横浜国立大学と産業技術総合研究所の小林拓実研究員らの研究グループは共同で、長期運転できるイッテルビウム光格子時計を開発した。将来の国際原子時の精度向上への貢献が期待される。

 時間の単位である「秒」は、現在セシウム原子のある準位間の遷移に共鳴するマイクロ波の周波数を用いて定義されているが、近年、さらに高精度な光格子時計(光を用いる原子時計)が注目されている。また、最近のメートル条約関連会議で、秒の再定義に向けた要求精度などの条件の1つとして、光時計による国際原子時の精度向上が挙げられた。現在、長期運転可能な光時計としてストロンチウム光格子時計の研究が先行しているが、高精度化に利点の多いイッテルビウム光格子時計の開発も世界中で行われている。

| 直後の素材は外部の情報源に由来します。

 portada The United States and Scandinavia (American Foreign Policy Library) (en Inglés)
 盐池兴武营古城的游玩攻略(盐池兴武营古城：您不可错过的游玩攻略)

 光格子時計は多数のレーザー光源を用いる複雑な装置であるため、時計の動作には、全てのレーザー周波数を精密に制御する必要がある。今回研究グループは、全てのレーザー光源を「光周波数コム」(超短光パルスレーザーから出力される、広帯域で櫛状(comb、コム)のスペクトルを持つ光)で制御する新しいシステムを構築し、イッテルビウム光格子時計の安定した動作を実現した。

 開発したイッテルビウム光格子時計を数カ月の実験期間内に定期的に運転したところ、積算運転時間は60時間以上となり、将来、国際原子時の精度向上に貢献できる能力があることが示された。また、誤差評価を行ったところ、周波数の相対的な誤差は9000万年に1秒程度であることが確かめられた。

 今後は、イッテルビウム光格子時計の安定性と信頼性をさらに向上させ、標準器としての完成度を高め、国際原子時への貢献を目指すとしている。

論文情報:【IEEE Transactions on Ultrasonics, Ferroelectrics, and Frequency Control】Uncertainty evaluation of an 171Yb optical lattice clock at NMIJ.